Mi buen amigo Bastián Lasierra me envía este texto, leido en su programa «Contando cosicas» de Radio Ebro. Sirva como homenaje a todas esas personas que luchan y trabajan para que la lengua aragonesa no muera, y sea vehículo de comunicación y cultura para cada vez más gente. Es una pena que los del cuatripartito del Estatutico hayan desaprovechado esta oportunidad para reconocer la realidad lingüistica de Aragón.
Yo charro aragonés, por Bastián Lasierra
Sí. Nací con otro idioma en mi boca. Desconocía que fuera el “aragonés”. Pero nació cargada de una diversidad, que permitía expresar sentimientos y nombrar cosas del mundo con conciencia de sentido e identidad.

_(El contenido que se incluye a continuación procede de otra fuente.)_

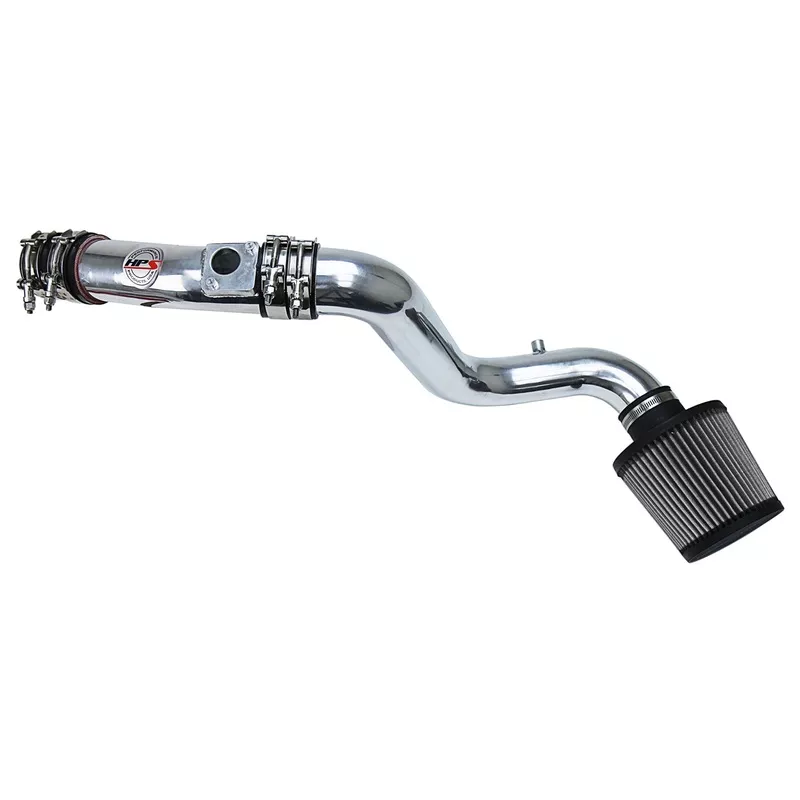 HPS Performance Cold Air Intake Kit, Polished, 837-602P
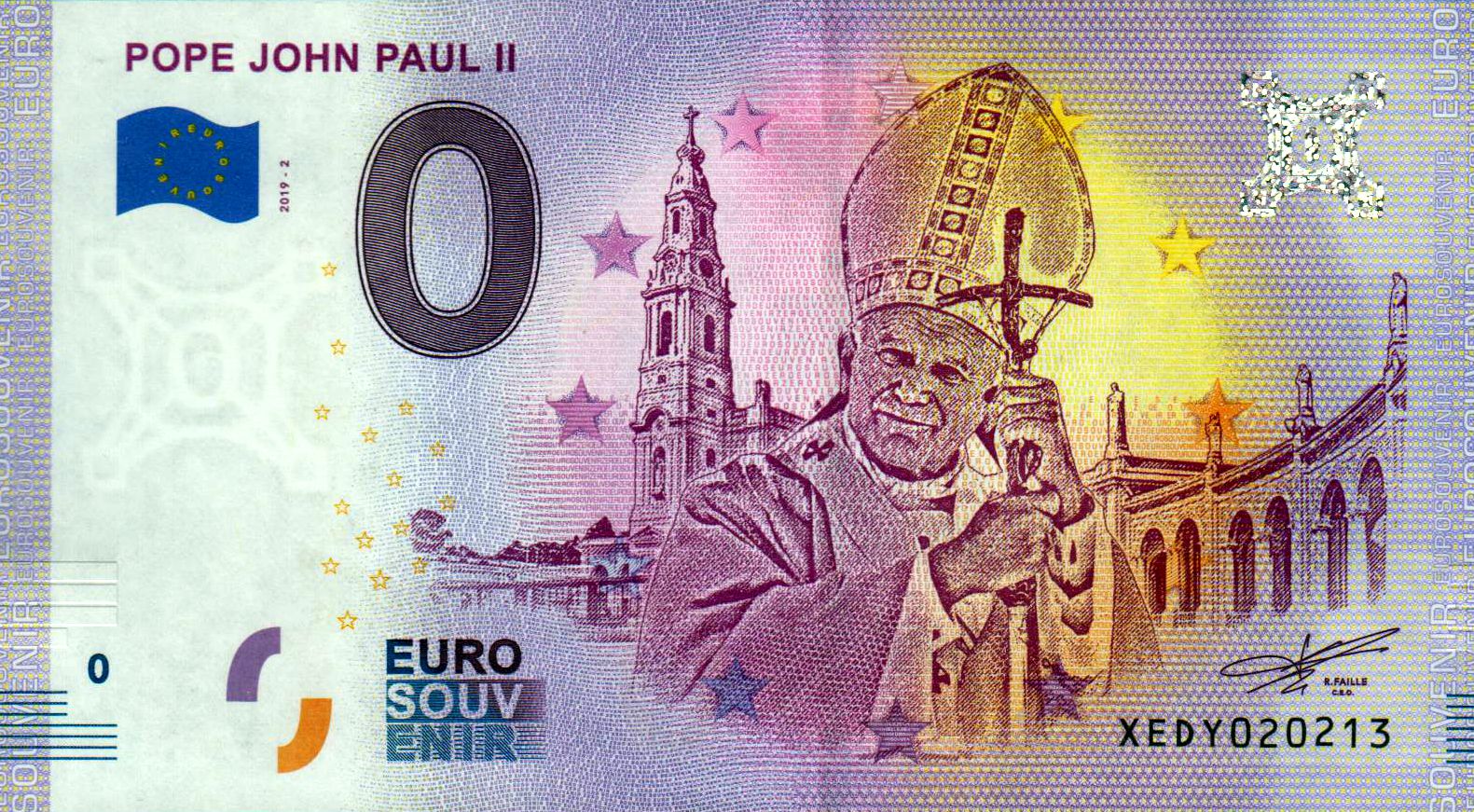 Pope John Paul II 2019-2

Mi abuelo Bastián había sido de los tantos maestros republicanos. Un día nos relató a “mía chirmana” y a mí, su experiencia al aprender a escribir. Pero en casa nunca le escuché hablar castellano. Al no escucharse en casa otra lengua, nunca tuve claro que es lo que yo, tan correctamente hablaba.
Fue la escuela la que me rompió todos los esquemas.
En esa escuela del pueblo pasé verdaderos apuros para encajar el hablar cotidiano con las letras del abecedario. Esas letras y sus sonidos no servían para decir algo tan normal como buxo, xordiga o xarticar. El maestro –era nacido en Segovia- entendía la dificultad, pero no podía explicar la paradoja. Dicho deprisa, ni la equis, ni la ese, ni la che españolas servían para resolver la fonética de la equis aragonesa. Un buxo es un buxo y no un “bucso”, un “buso” o un “bucho”. Fue bastantes años después cuando encontré la solución al problema. Los estudios serían la senda por la cual averiguar los entresijos de la fonética, en general, y de la infancia, en particular.
Filólogos comprometidos, facilitaron una vía para reflexionar sobre la lengua aragonesa y, a su manera, completar el universo de lo existente.
Para muchos, para la mayoría de las gentes de los pueblos aquellos trabajos pasaron inadvertidos. Ni la información llegaba ni tampoco contaba demasiado. La conciencia sobre el propio modo de hablar ni existía, ni servía, ni se barruntaba. La lengua vernácula era legal y eruditamente inexistente. O a lo peor, en más de una ocasión, causaba escarnio y mofa por parte de quienes eran capaces de “hablar bien”. Sin embargo, los trabajos de mucha gente han tenido una clara repercusión en el entorno. El momento ha sido mucho más propicio que la época de posguerra.
El sustrato social era distinto. La sociedad de posguerra –considerando como referencia las coordenadas lingüísticas y político-económicas se dividía en dos conjuntos disjuntos e insistentemente separados entre sí.
Los listos, que además sabían hablar, tenían poder, tenían perricas y, si no las tenían, se parecían a los que poseen las claves para controlar el orden social.